Latest in Housing News and Tips for Home Ownership

5 Great Cities for Millennial Homebuyers

(TNS)—For millennials who are ready to become homeowners, finding an affordable house in a great community can be challenging. With housing inventory historically low, real estate in major metro areas is at a premium. It’s no surprise, then, that young buyers are moving to the suburbs, according to the 2017 Home Buyer and Seller Generational Trends Report by the National Association of REALTORS®.

Among millennials surveyed, 57 percent bought a house in the suburbs, spending an average of $205,000. Meanwhile, only 12 percent bought in an urban or central city. Affordability, convenience to work and neighborhood quality were among the top requirements for these buyers.

Using this information, we identified five cities that offer some combination of affordable housing, economic growth, job opportunities, proximity to major metro areas and recreational activities.

Great cities for millennial homebuyers:

  • Lancaster, Pa.
  • Columbus, Ohio
  • Garner, N.C.
  • St. Petersburg, Fla.
  • West Des Moines, Iowa.

Lancaster, Pa.
Population: 59,218
Median value of housing: $109,300

One of the oldest inland cities in the country, Lancaster boasts unique features, such as the country’s oldest continuously running farmers market. It’s also home to an established arts community and a network of independently owned businesses.

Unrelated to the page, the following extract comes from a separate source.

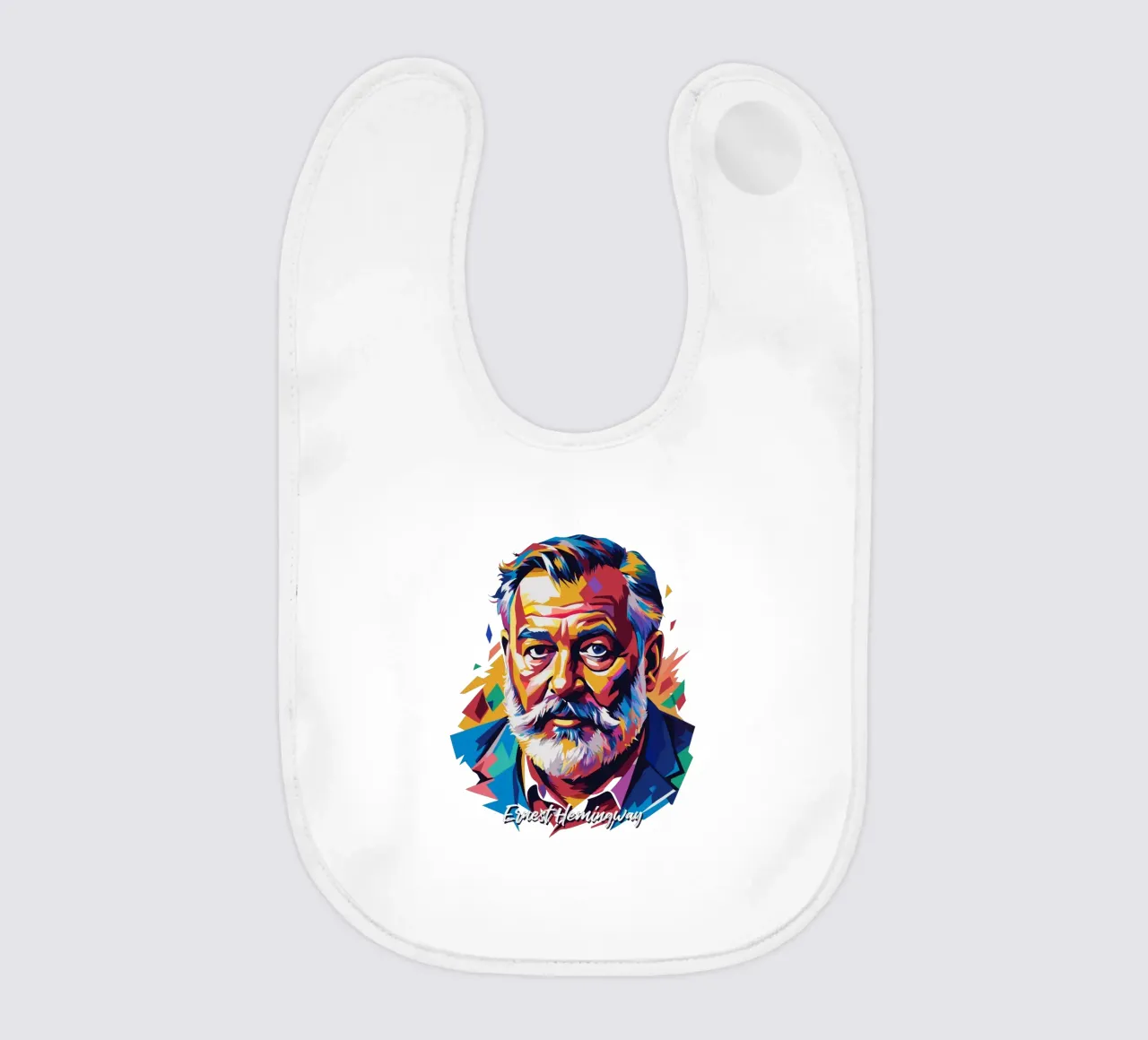 Ernest Hemingway in WPAP Pop Art Babylätzchen von vectorartnesia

There are a number of homes available in Lancaster, including new construction. There were 200 new housing units built in Lancaster in 2017. This year, the city is on track to add 125 more, according to Marshall Snively, president of Lancaster City Alliance.

“In the last 10 years, we’ve had more than $1.5 billion in public and private investment, including residential development, and more is on the table,” Snively says.

Nestled between Harrisburg and Philadelphia, Lancaster is a good option for people who want to work in one of these larger cities but own in a more affordable location. Residents can take a train to Harrisburg in less than 35 minutes, and trains into New York City take about two-and-a-half hours.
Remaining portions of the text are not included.